Scrape actual HTML

I’d like to display a table from a webpage in my HomeAssistant dashboard, which I was expecting to be as easy as scraping the table using the Scrape integration, and spitting the value out into a markdown card.

However, the Scrape integration appears to only return the text content of the elements I select. For example, if the table looks like this:

Company Contact Country
Alfreds Futterkiste Maria Anders Germany
Centro comercial Moctezuma Francisco Chang Mexico

I would like the sensor to contain the string:

<table>\n <tr>\n <th>Company</th>\n <th>Contact</th>\n <th>Country</th>\n </tr>\n <tr>\n <td>Alfreds Futterkiste</td>\n <td>Maria Anders</td>\n <td>Germany</td>\n </tr>\n <tr>\n <td>Centro comercial Moctezuma</td>\n <td>Francisco Chang</td>\n <td>Mexico</td>\n </tr>\n</table>

So far I’ve tried setting attribute to “innerHTML” but not only does that not work, apparently it’s not possible to remove an attribute once you configure it! You have to delete the sensor and create a new one. (you can modify the attribute field with other text but if you set it to blank it will keep the old value).

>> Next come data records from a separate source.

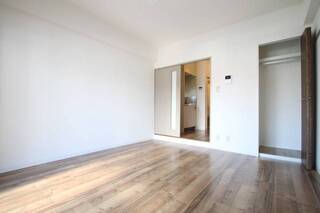 広々したお部屋で生活しやすいですね。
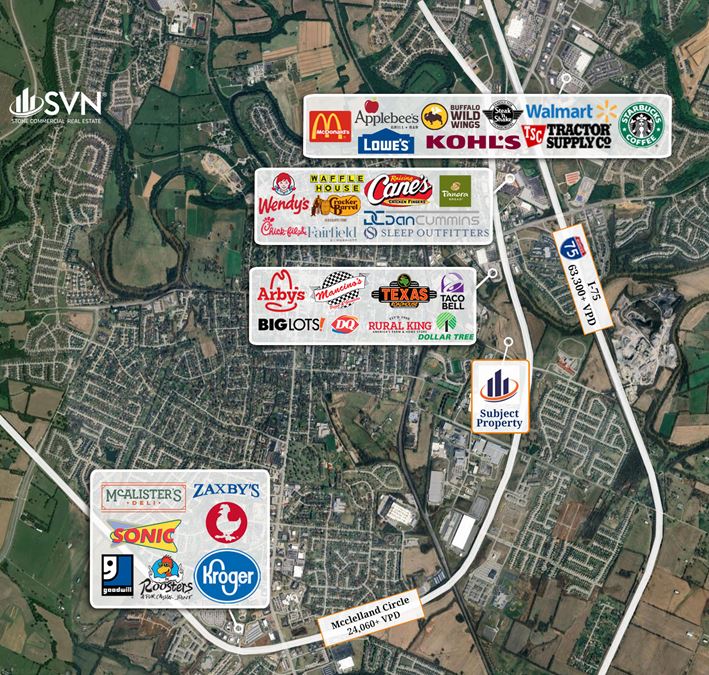 B-5 Development Land in Prime Location For Sale / Lease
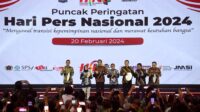 Jokowi : Pers Harus Tetap Jadi Pilar Demokrasi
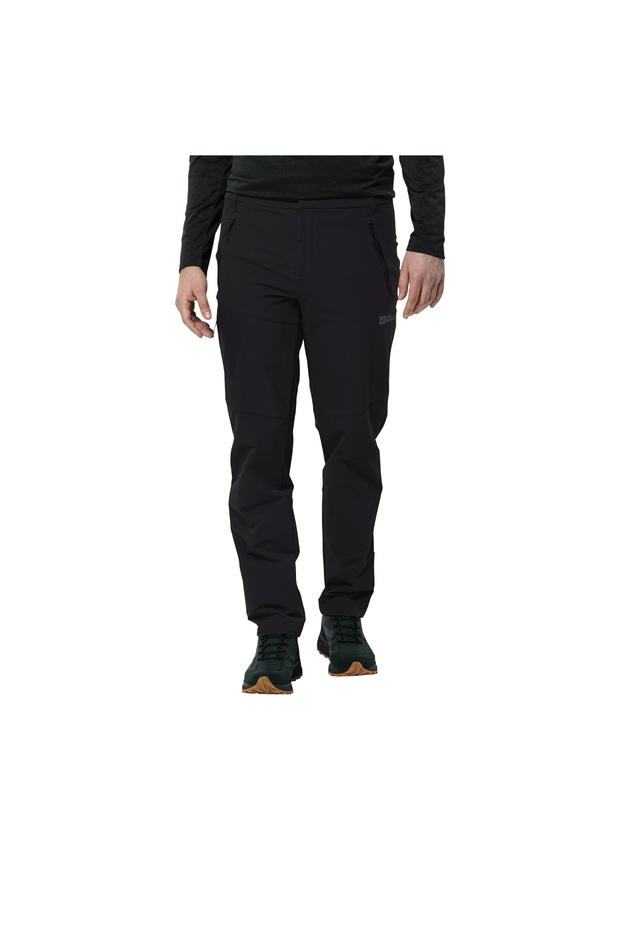 Glastal Winter Men's Black Outdoor Pants 1508531_6000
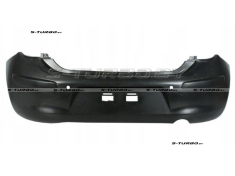 Бампер задний (черный) с отв. под парктроники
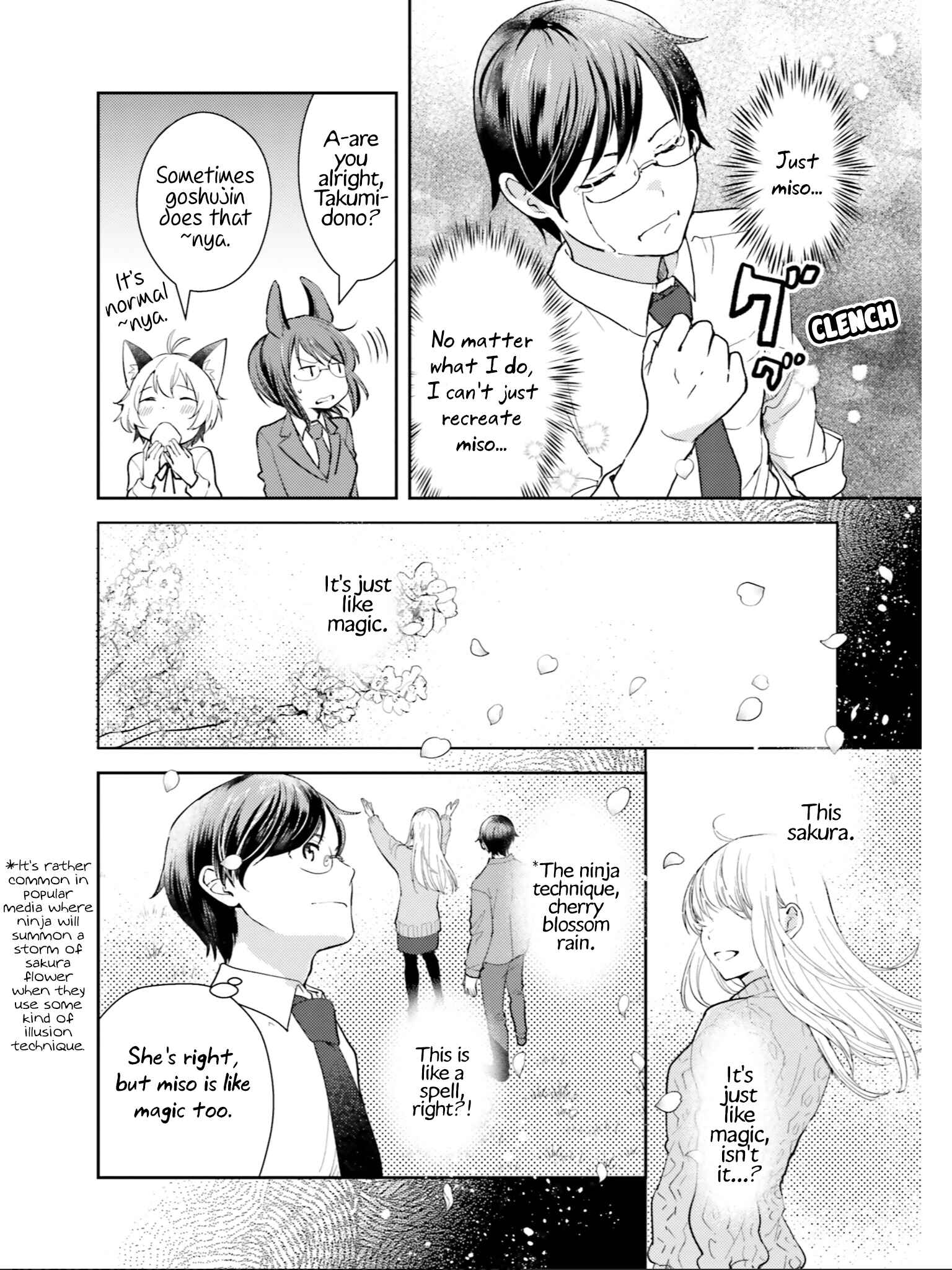 Page 7 Chapter 24 Isekai Ekisha no Kissaten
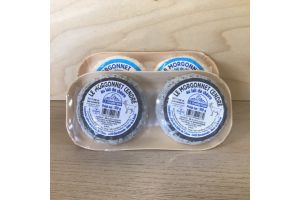 Le Morgonnet Cendré au lait de chèvre - 2*100gr env.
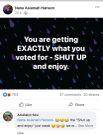 Bulldog comments on #FixTheCountry protest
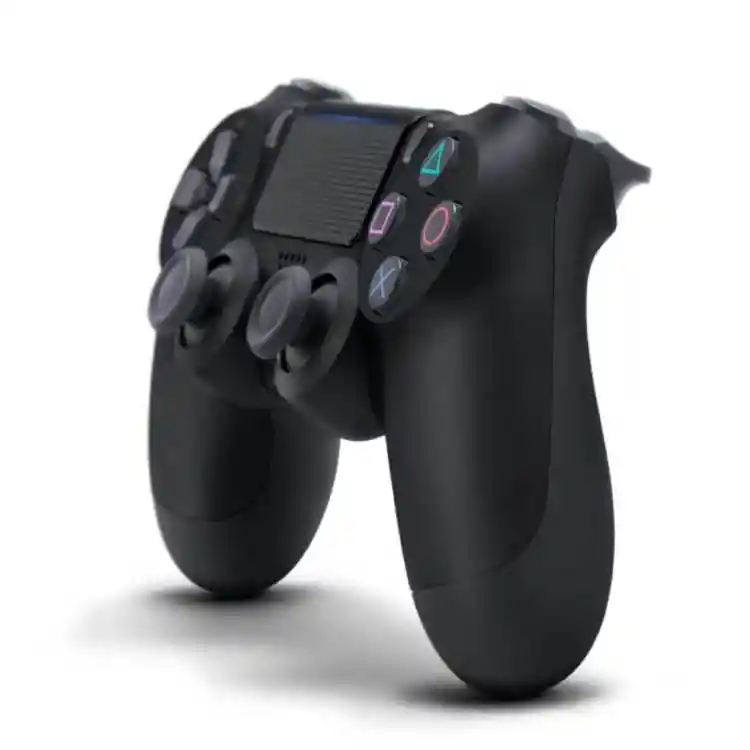 Control Inalambrico Con Vibracion Generico Play 4 (negro)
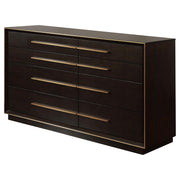 Durango 8-drawer Dresser Smoked Peppercorn - detail 4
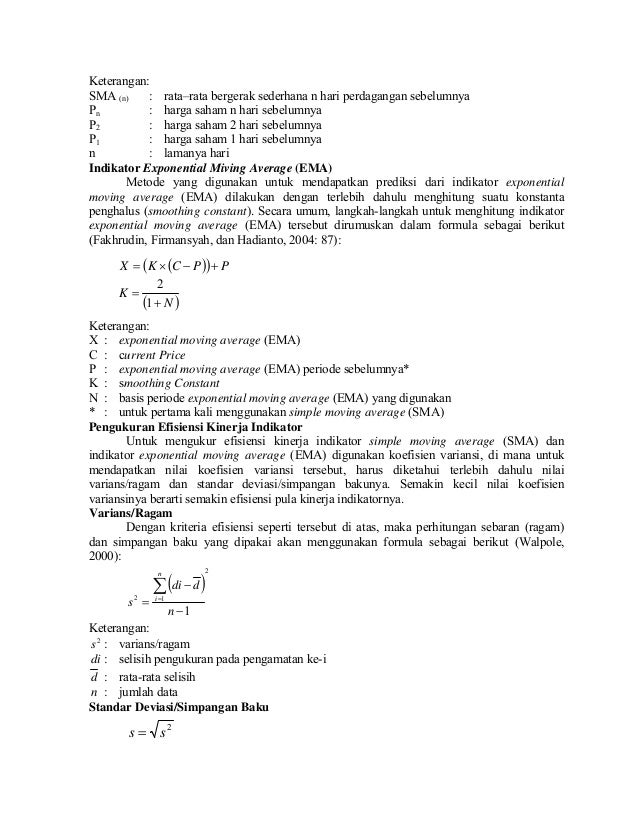 Indikator perdagangan fibonacci
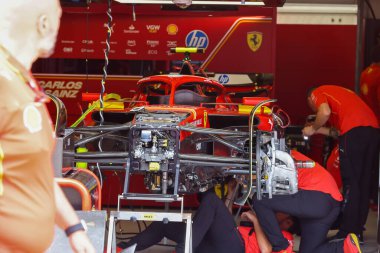  Haas F1 Ekibi Teknik Detay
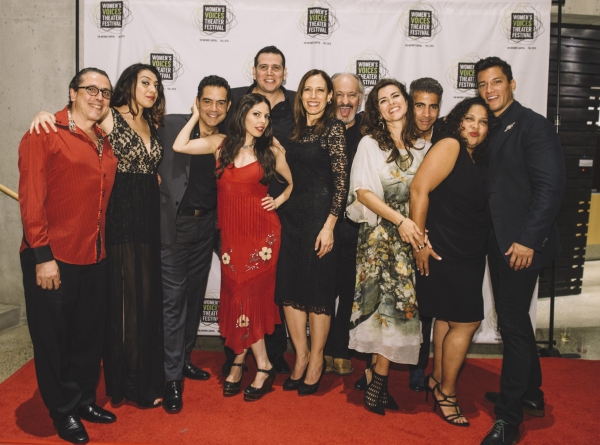 Photo Flash: DESTINY OF DESIRE Celebrates Opening Night at Arena Stage Image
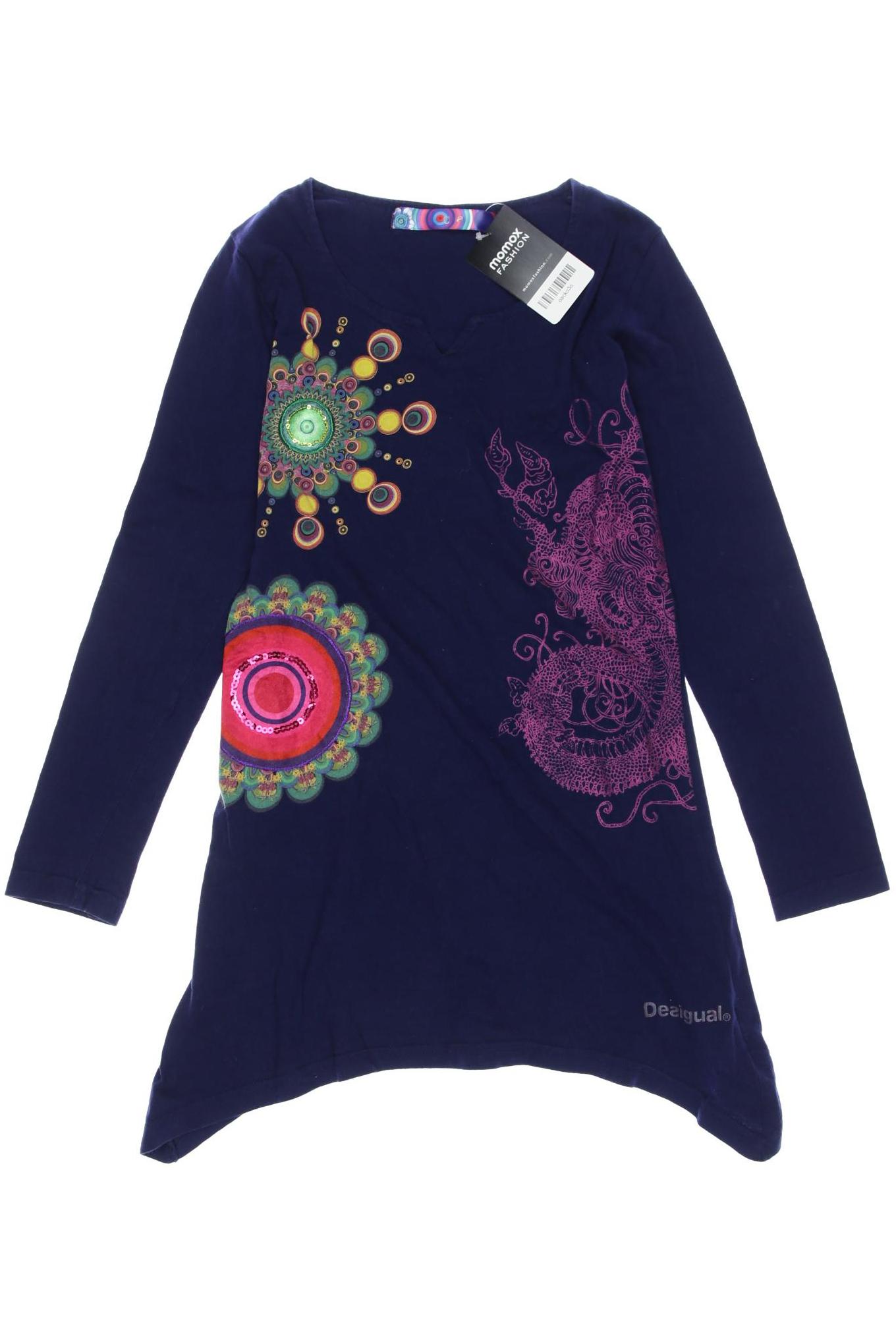 

Desigual Damen Kleid, marineblau, Gr. 152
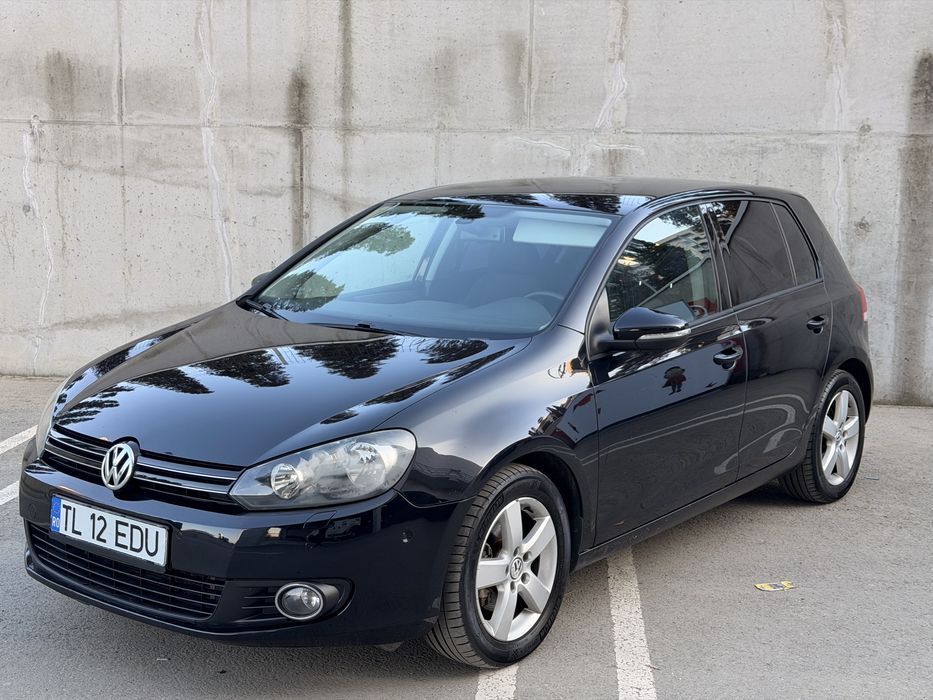 Volkswagen GOlf 6 2.0 diesel 140cp/Scaune incazlite/Senzori parcare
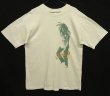 画像3: 90'S BOB MARLEY "EXODUS" 両面プリント シングルステッチ 半袖 Tシャツ ホワイト (VINTAGE)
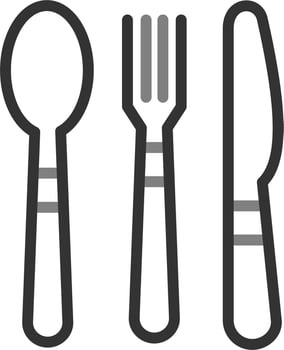 Cutlery Vector Icon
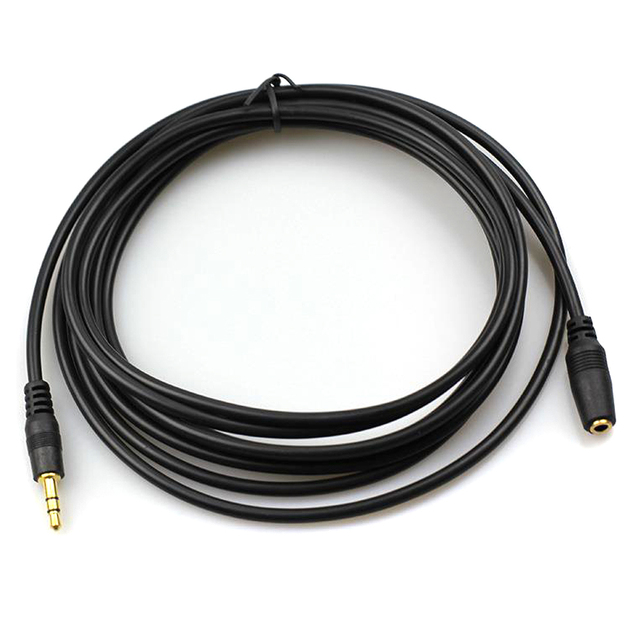 3.5mm Male Stereo Jack to Female Headphone Audio Extension Cable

Has somebody else been able to do this? I have my doubts this is possible because setting the value to {{ value is string }} sets the state to True, so it seems like it scrapes out the text content and throws away the structure :frowning:

Just rebuild the structure again.

What exactly do you want to do with it? How would you display the html on your dashboard?
With multiscrape you could use select_list to retrieve a column. You could do this for each column, but it won’t provide you with the raw html.

Unfortunately for this table nearly every cell may contain spaces. For a table with r rows and c columns, I would have to make r × c scrape entities, each retrieving one specific cell of the table.

I do at least know the number of rows/columns, but if I grab the whole table, I have no way of parsing the content to replicate the original structure.

In the example I provided, the text returned from grabbing the whole table would look like this:

Company Contact Country — — — Alfreds Futterkiste Maria Anders Germany Centro comercial Moctezuma Francisco Chang Mexico

The Markdown card supports HTML tags (with exceptions). If I could grab the InnerHTML of the table, I could just put {{ states('sensor.that_table') }} in a Markdown card.

I was hoping it was possible to accomplish this using the built-in integration. Sounds like I’ll have to look at multiscrape.

1 Like

You should be able to do a select on td or table or maybe tr